Eleven artists from New Mexico State University will showcase their work in an exhibition titled “Impermanent Topography” at the University Art Gallery. The artists are faculty and staff from the Department of Art in the College of Arts and Sciences. The show will run from Tuesday, Jan. 17 through Thursday, Feb. 9 with an opening reception from 5-7 p.m. on Friday, Jan. 20. 

“Impermanent Topography” was curated by the gallery’s interim director Michelle Lanteri and includes artwork by professor and department head Julia Barello, college assistant professor Tauna Cole-Dorn, associate professor Craig Cully, assistant professor Jessika Edgar, assistant professor Motoko Furuhashi, college assistant professor Richard Hesketh, assistant professor Wes Kline, manager of chemical safety Adam Labe, adjunct faculty member Bree Lamb, visiting assistant professor Jacob Muñoz and professor Rachel Stevens. 
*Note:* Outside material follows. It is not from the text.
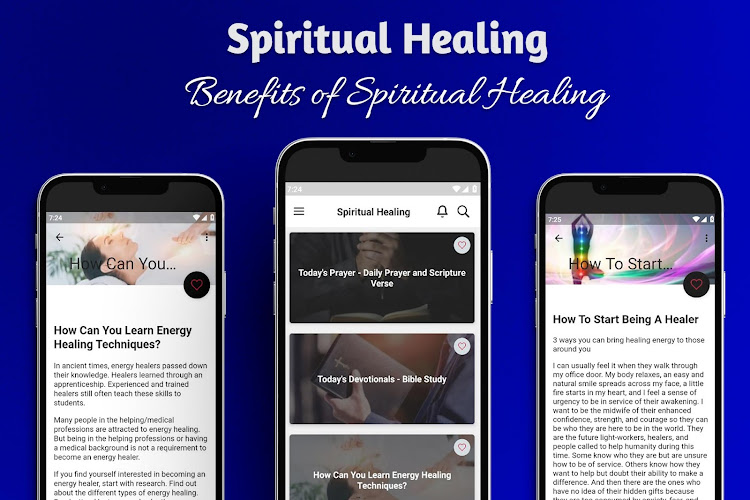 Spiritual Healing - 1.6 - (Android)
“This exhibition addresses the social, political, geographical and cultural landscapes that comprise our ever-shifting understandings of contemporary life,” said Lanteri. "It grapples with the overlapping intersections of memory, selfhood, and information as described through the artists' inscriptions of identity in paint, metal, clay, digital media, experimental sculpture, and site-specific installation.”

Cully’s “Slaughter Series” confronts the undoing and reconstruction of life through accumulations of oil paint that question the unnatural yet customary process of harvesting livestock for foodstuffs.
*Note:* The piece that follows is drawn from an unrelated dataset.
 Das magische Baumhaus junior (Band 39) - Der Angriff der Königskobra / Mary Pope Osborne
Furuhashi’s coiled packing tape sculptures record her explorations of different exterior landscapes through collected earthly material. 

Kline’s installation produced with Erika Lynne Hanson is titled “Varied Choreographies (desert, dialogue, debris).” His work investigates serial movement as a choreographed system that activates community.

Through porcelain letters that script prayers for the dead around steel rows, Stevens’ “I Can’t Remember My Name” sculpture describes the adaptation, impermanent home and survival of her grandparents and relatives during the Holocaust in Western Ukraine. 

Along with the exhibition, the University Art Gallery will also include highlighted programs presented by some of the artists. “Finding a Path: Collaborative Tape Sculpture with Motoko Furuhashi” will be at 5:15 p.m. on Tuesday, Jan. 24. This will be an interactive group performance to make a tape sculpture. The resulting artwork will be on display in the University Art Gallery from Jan. 26 through Feb. 9, 2017.
Another program, “Space Harmonic Performance by Wes Kline” will be a demonstration at 5:15 p.m. on Wednesday, Feb. 8. This is an intermedia performance that corresponds to his and Erika Lynne Hanson’s site-specific installation, “Varied Choreographies (desert, dialogue, debris).” 

The University Art Gallery is open Tuesday through Saturday, 10 a.m. to 4 p.m. Highlighted programs that are part of the exhibit as well as admission to the gallery are free and open to the public. For more information visit https://uag.nmsu.edu/upcoming/.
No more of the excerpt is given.